Department of Sustainable Bioproducts

Abstract

Wood-based panel products (WBPs) are considered highly sustainable due to their carbon neutrality, low embodied energy, and ability to be produced from various low-grade wood species. However, WBPs exhibit limited resistance to biological degradation, which can deteriorate their mechanical performance and shorten their service life. Additionally, WBPs may not be fully compatible with traditional wood preservation chemicals. This dissertation demonstrated a facile method of synthesizing essential oil-based natural preservatives compatible with WBPs. Four essential oils (EOs), namely thymol (THY), trans-cinnamaldehyde (tCN), carvacrol (CRV), and eugenol (EUG), were complexed with beta-cyclodextrin (beta-CD) to form beta-CD-EOs inclusion complexes through a sonochemical process using a high-power ultrasonicator (750W). The sonochemical variables, such as a molar ratio between beta-CD and EO, ultrasonication power, and centrifugation speed and time, were optimized to improve the inclusion yield of EOs in the complex and facilitate the large-scale production of beta-CD-EOs. Attenuated Fourier transform infrared spectroscopy (AT-FTIR) and X-ray diffraction analysis confirmed the formation of inclusion complexes at the different production scales. The inclusion yield of EOs in the complexes was estimated by ultraviolet-visible spectrophotometry (UV-vis) as well as thermogravimetric analysis (TGA), which was capable of differentiating unreacted EOs and loosely encapsulated EO molecules from the estimation of the inclusion yield.

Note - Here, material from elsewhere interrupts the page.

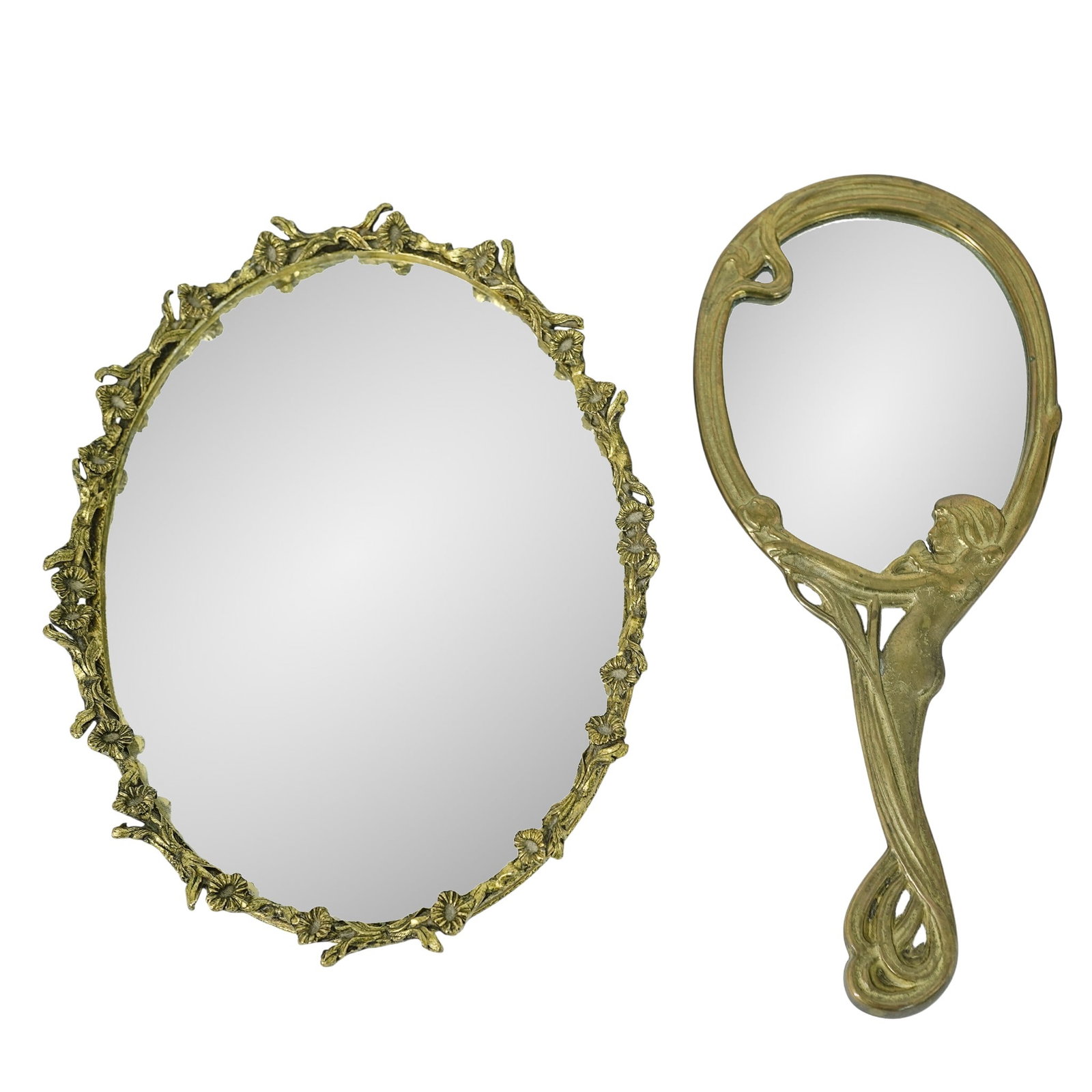 (2 Pcs) Vintage Brass Dresser Tray & Handheld Vanity Mirror (1 of 5)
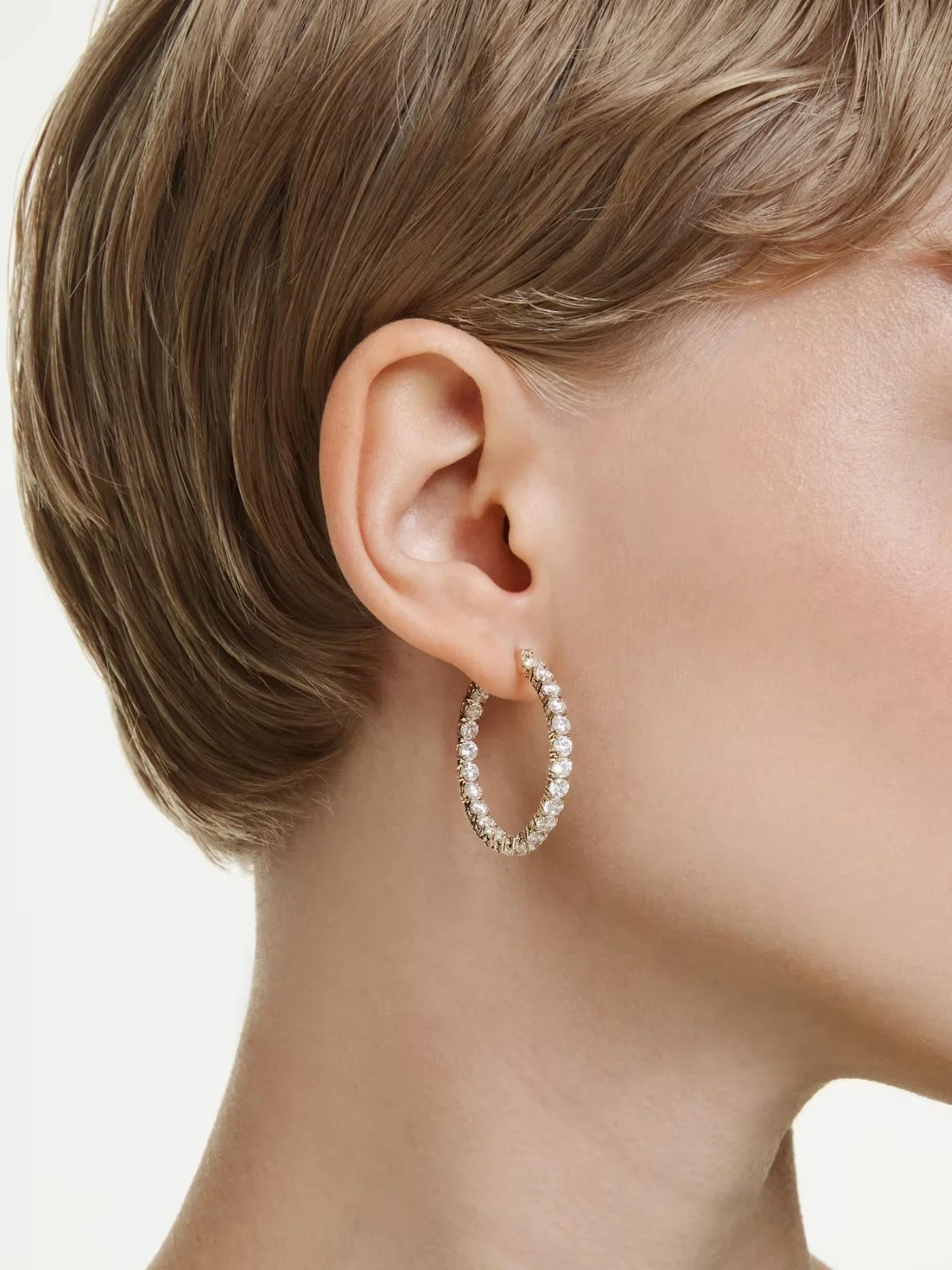 SWAROVSKI Bông Tai Matrix:Pe Hoop White/Gos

Differential scanning calorimetry (DSC) revealed that beta-CD-tCN did not adversely affect the curing properties of polymeric methylene diisocyanate (pMDI) used as a glue for plywood. The influence of beta-CD-tCN addition on the bonding strength of the wood composite was assessed by a lap shear strength test using 3-ply SYP plywood, following ASTM D906-20. Statistical analysis using the Tukey test at p<=0.05 indicated no significant difference between the bonding strength of pMDI and beta-CD-tCN as an additive, indicating that beta-CD-tCN could be successfully implemented in the manufacturing process of wood composite products as natural preservatives.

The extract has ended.